An IT department can treat their colleagues as ‘customers’ if they want, but this weakens the company’s position as a customer of true IT suppliers.
Kumud Kalia’s article “End Users Are Not Your Customers” (CIO.com December 20th, 2007) challenges us to consider one of the most important questions of a corporate strategy for IT: how can our in-house IT people make the most telling contribution?
The orthodoxy over the past few years has been for those people to envisage everyone else in the company as their ‘customers’. As a result, the IT people are saying that they can make the best contribution as quasi-suppliers – so that’s how their colleagues in other departments treat them. So far so good, if everyone’s happpy, until the IT people need – or want – to have more of a say in the company’s strategies and business decisions than a supplier will be allowed.
Also, focusing on the relationship between the IT people in an organisation and everyone can mask another, more critical strategic question.
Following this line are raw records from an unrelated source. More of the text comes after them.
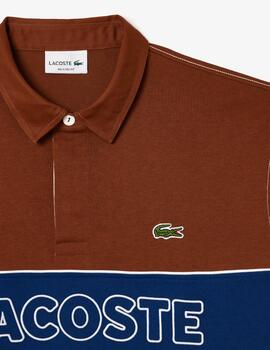 LACOSTE POLO M/L RUGBY NARANJA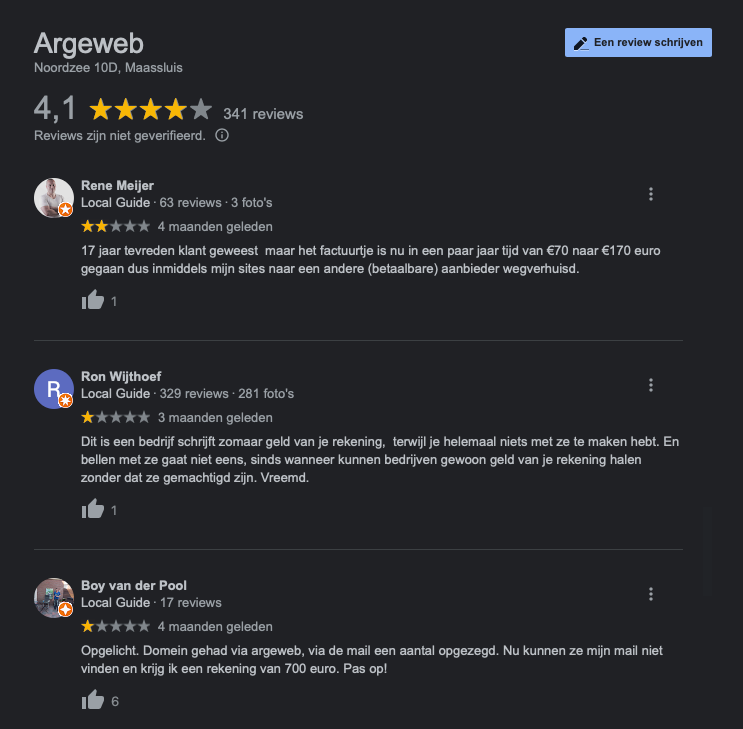 Argeweb negative customer reviews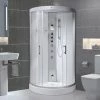 AquaLusso - Alto 80 - 800 x 800mm Quadrant Steam Shower - Polar White -Shower Enclosures Shop ALTO80 W p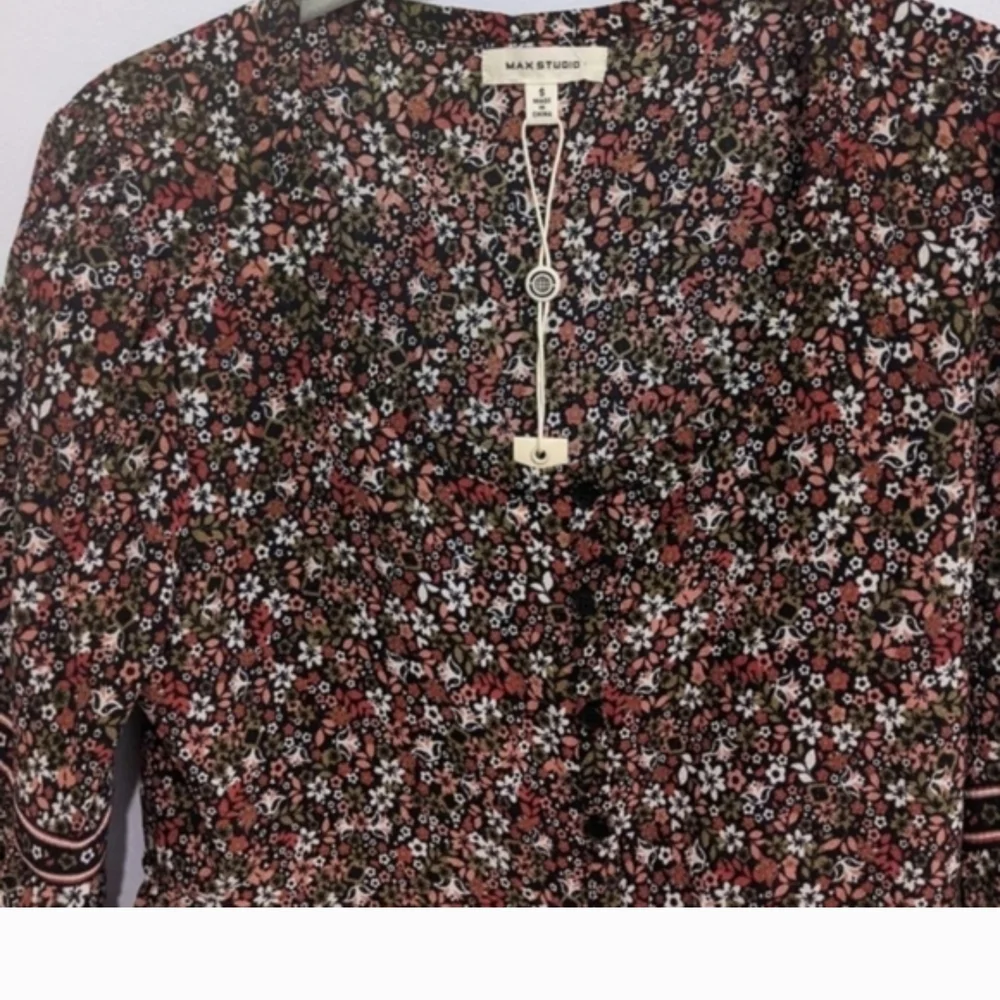 Max Studio Boho Floral Print Long Sleeve Top Cottagecore Size S* - Picture 4 of 16
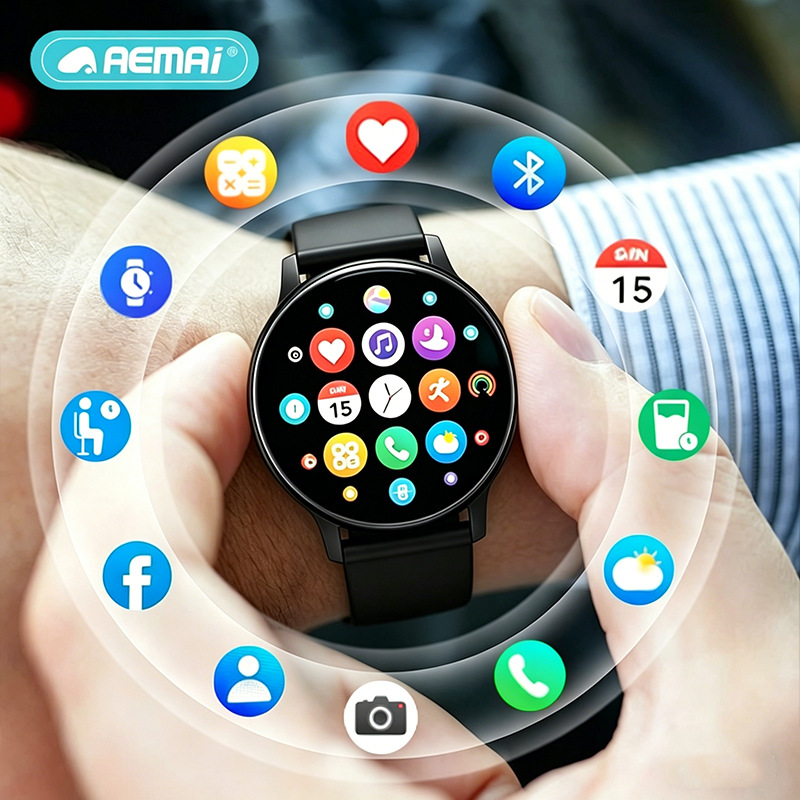 AEMAI Ultra-thin smartwatch Bluetooth RM65 Multi-functional positioning download Infrared Remote control Rotating Camera Douyin details Picture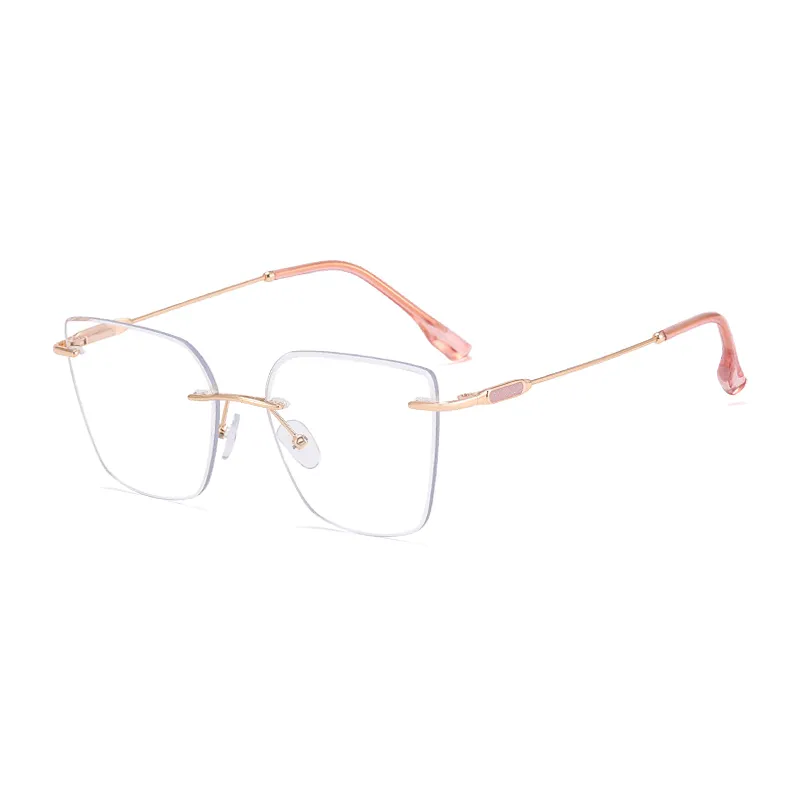 Ralferty Women's Rimless Flat Top Cat Eye Alloy Eyeglasses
The company as a whole, IT department included, is a true customer of bona-fide – and powerful – external suppliers of IT. Whether or not the IT department wants to be treated as a quasi-supplier to ‘internal customers’, where do they see themselves in terms of the company’s dealings with external IT suppliers? In principle, they are 100 percent members of the customer team. But in practice if they are acting as a quasi-supplier themselves then confusion will reign and their influence will be diluted.
The bottom line? If the internal IT people see their colleagues as ‘customers’ then this weakens the company’s strategy as a customer of true IT suppliers.